The idea is that we define and use an injection encoding all original symbols (including blank) \[ \Gamma \hookrightarrow \left\{ 0, 1, \sqcup \right\}^{k} \] where we encode each symbol as a \(k\)-chunk. \(\widetilde{Q}\) records partial readings for blocks. One step of \(M\) becomes \(O(k)\) steps of \(\widetilde{M}\).

The \(O(n^2)\) term comes only from copying the data.

Lecture 3: Deterministic Turing Machines

\(k\)-tape Turing Machine

A \(k\)-tape Turing machine has \(k\) tapes. It's equivalent to consider transition functions which move just one or all tape-heads at once. Sometimes one of the tapes is considered to be read-only and considered as an input tape, likewise sometimes we only have an output tape, etc.

If there exists a TM with \(k\) tapes that recognizes \(L\) in time \(T(n)\), then there exists a 1-tape TM that recognizes \(L\) in time \[ O(T(n)^2). \]

In particular, if \(k\)-tape \(M\) runs in polynomial time, so does the 1 tape version.

The idea is that we intercalate the tapes. Use states to remember from which tape of \(M\) we are reading in \(\widetilde{M}\).

The new set of symbols for \(\widetilde{M}\) is \[ \widetilde{\Gamma} = \Gamma \cup \left\{ \widehat{a} \mid a \in \Gamma \right\} \] where the symbol \(\widehat{a}\) in the tape indicates the head of the given tape is there.

We get \(\widetilde{Q} = Q \times \widehat{\Gamma}^k \times [k] \cup O(1) \text{ states}\)

This is a data-oblivious construction, we access the data following the same pattern, independent of the actual data. The quadratic term comes from the fact we need to read the whole tape on each step.

Same idea as the bijection \(\N \cong \Z\). Or store pairs and use \(\Gamma^2\).

Whenever there exists a TM \(M\) of some type that recognizes a language \(L\), there exists another \(TM\) \(\widetilde{M}\) of some other type that recognizes \(L\). Moreover, \[ \operatorname{time}_{\widetilde{M}}(n) = O\left((\operatorname{time}_M(n))^{\text{constant}}\right) \]

DTIME

We say that \(\operatorname{DTIME}(f(n))\) is the set of languages \(L\) such that there exists a TM \(M\) that recognizes \(L\) and has \[ \operatorname{time}_M(n) = O(f(n)). \]

We usually take the \(TM\) to be a \(k\)-tape machine for some constant \(k\).

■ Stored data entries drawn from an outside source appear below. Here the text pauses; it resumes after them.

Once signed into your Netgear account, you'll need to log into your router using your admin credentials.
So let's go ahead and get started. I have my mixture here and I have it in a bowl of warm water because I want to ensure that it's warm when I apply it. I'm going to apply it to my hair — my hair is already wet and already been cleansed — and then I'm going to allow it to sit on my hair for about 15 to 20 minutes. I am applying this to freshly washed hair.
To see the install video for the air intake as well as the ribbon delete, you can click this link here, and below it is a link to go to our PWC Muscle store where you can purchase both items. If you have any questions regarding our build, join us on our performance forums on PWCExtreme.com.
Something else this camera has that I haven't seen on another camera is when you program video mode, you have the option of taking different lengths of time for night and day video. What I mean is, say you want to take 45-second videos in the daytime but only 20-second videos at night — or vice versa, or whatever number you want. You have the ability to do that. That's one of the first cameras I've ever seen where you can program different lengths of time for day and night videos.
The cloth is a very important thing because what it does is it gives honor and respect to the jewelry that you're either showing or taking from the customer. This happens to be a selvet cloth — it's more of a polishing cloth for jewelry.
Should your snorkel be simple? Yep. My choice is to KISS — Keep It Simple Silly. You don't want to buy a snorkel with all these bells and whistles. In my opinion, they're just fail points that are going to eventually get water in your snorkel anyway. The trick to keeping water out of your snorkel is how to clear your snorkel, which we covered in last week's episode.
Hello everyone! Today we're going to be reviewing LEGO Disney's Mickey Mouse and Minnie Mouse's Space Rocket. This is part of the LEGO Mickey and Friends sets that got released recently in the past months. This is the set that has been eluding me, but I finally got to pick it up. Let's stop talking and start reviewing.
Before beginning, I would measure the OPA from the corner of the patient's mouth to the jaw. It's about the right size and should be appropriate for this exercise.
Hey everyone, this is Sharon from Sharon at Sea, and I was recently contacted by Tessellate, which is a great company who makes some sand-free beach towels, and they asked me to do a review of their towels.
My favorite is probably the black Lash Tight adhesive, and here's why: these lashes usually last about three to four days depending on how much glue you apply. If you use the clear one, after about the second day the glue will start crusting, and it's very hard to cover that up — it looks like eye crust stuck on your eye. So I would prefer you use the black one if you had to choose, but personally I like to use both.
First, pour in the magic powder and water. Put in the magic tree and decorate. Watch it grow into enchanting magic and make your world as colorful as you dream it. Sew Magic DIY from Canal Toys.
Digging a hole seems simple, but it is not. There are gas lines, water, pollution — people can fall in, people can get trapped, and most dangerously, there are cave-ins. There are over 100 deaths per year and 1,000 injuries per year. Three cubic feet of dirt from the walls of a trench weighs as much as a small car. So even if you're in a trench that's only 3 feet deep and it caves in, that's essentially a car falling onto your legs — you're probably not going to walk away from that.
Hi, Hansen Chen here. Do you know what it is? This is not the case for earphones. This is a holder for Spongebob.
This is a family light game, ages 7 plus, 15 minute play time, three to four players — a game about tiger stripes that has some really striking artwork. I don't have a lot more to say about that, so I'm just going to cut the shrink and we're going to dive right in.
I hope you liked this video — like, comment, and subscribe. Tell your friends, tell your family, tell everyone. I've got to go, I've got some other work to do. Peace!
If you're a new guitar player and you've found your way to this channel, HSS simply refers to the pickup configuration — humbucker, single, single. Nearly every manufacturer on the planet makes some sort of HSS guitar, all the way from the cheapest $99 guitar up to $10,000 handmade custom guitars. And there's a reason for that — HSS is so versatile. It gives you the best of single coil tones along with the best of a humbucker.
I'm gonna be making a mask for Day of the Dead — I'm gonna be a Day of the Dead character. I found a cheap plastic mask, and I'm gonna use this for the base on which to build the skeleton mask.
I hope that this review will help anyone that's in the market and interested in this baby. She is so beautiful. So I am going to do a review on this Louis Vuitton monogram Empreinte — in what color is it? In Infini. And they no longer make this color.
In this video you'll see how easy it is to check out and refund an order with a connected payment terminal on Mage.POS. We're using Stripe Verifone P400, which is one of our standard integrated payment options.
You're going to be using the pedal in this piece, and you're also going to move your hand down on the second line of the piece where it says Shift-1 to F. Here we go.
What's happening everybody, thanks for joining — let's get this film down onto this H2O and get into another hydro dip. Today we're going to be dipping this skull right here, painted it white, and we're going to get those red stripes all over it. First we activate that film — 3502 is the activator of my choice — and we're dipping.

This is a non-robust definition.

PTIME

We define \[ \operatorname{P} = \bigcup\limits_{d \geq 1} \operatorname{DTIME}(n^d). \]

A problem \(\in \operatorname{P}\) is

A decision problem
that can be recognized in polynomial time

Note that \(\operatorname{P}\) is a natural definition.

Constants are not relevant. For instance, we can get constant speed-up using more symbols.
It's robust wrt the type of the TM.
Computers, contra TMs, have (finite) RAM.
This ends up making no difference, we can simulate indexed access using a TM (with quadratic blowup), using counters.
\(\operatorname{P}\) is closed wrt to taking calls to other programs in \(\operatorname{P}\) that do not grow the output. An issue would be a program which doubles the input.
Currently, all of the physically realizable notions of computation give the same definition of polynomial time.

EXP

We define \[ \operatorname{EXP} = \bigcup\limits_{d \geq 1} \operatorname{DTIME} \left( 2^{n^{d}} \right) \]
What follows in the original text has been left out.